Stored items
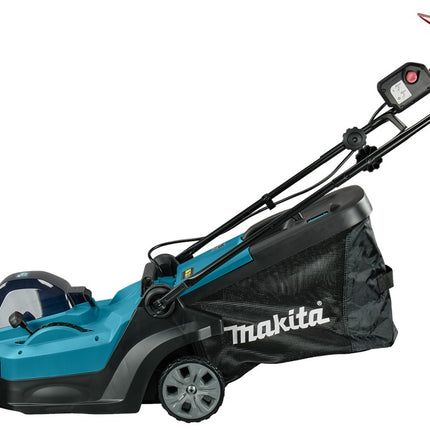 Afbeelding Makita xgt 40 v max grasmaaier 43 cm LM004GM103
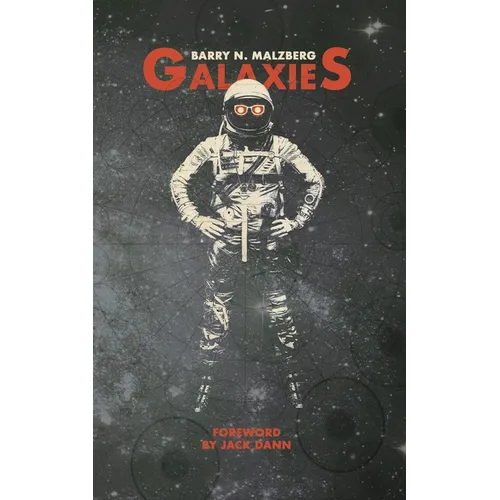 Galaxies - Paperback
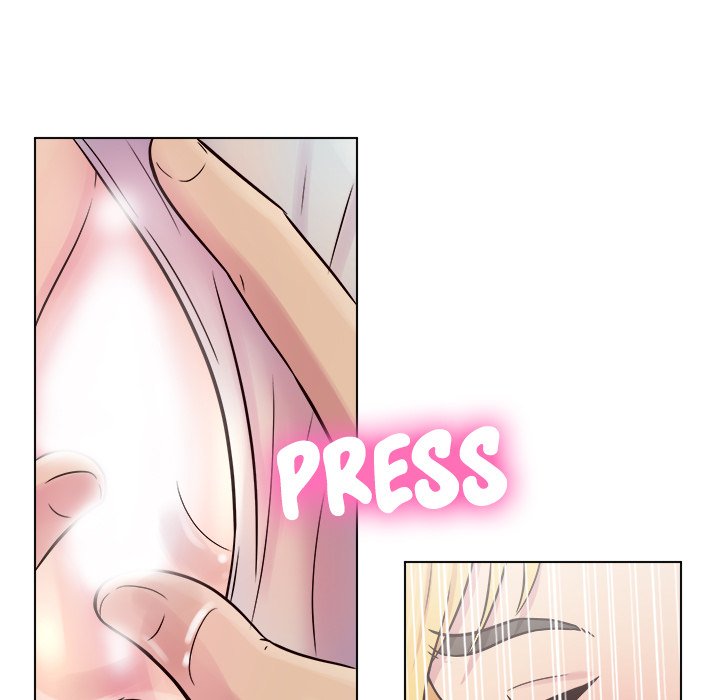 Time to Choose Chapter 3 Page 47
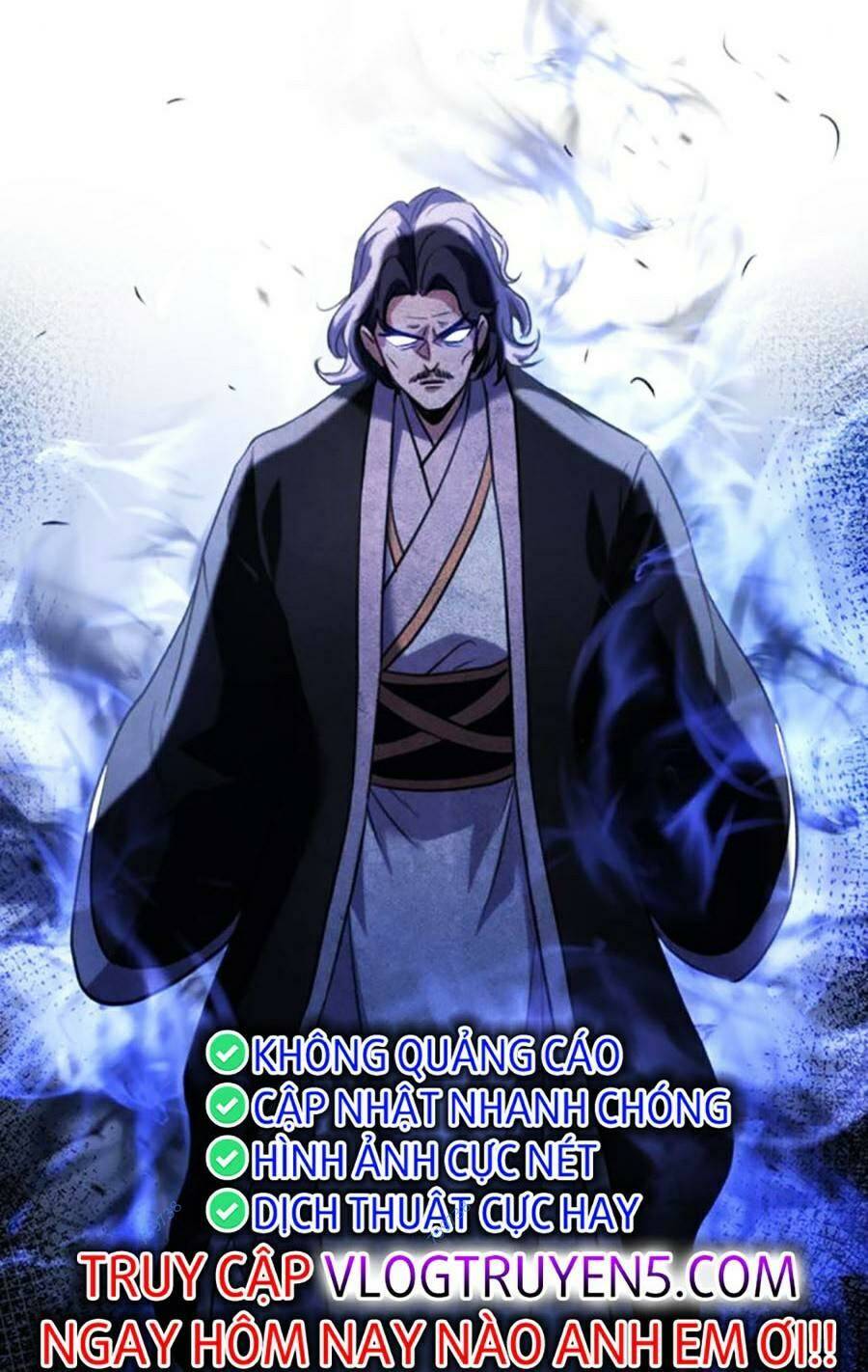 Thanh Kiếm Của Hoàng Đế - Chapter 17 - Page 106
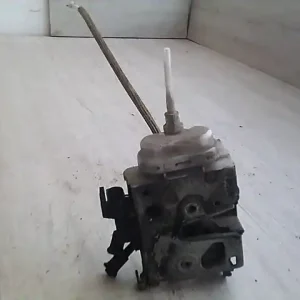 Gyors szállítás AUDI A4 94-98 Bal első ajtó zárszerkezet központi záras bontott alkatrész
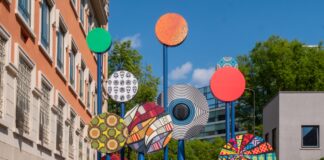 Tortona Design Week, gli appuntamenti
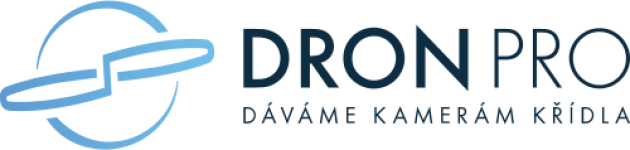 DronPro.cz logo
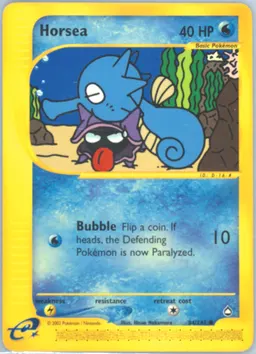Horsea #84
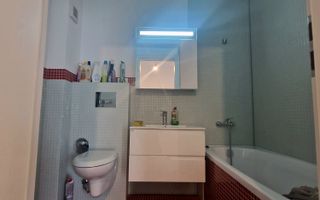 Apartament nou + terasa | Calea Moldovei | - Poză 14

Exercise goal: All entries need to be duplicated exactly, apart from the images.

Written response:
 Afbeelding Makita xgt 40 v max grasmaaier 43 cm LM004GM103
 Galaxies - Paperback
 Time to Choose Chapter 3 Page 47
 Thanh Kiếm Của Hoàng Đế - Chapter 17 - Page 106
 Gyors szállítás AUDI A4 94-98 Bal első ajtó zárszerkezet központi záras bontott alkatrész
 Tortona Design Week, gli appuntamenti
 DronPro.cz logo
Horsea #84
 Apartament nou + terasa | Calea Moldovei | - Poză 14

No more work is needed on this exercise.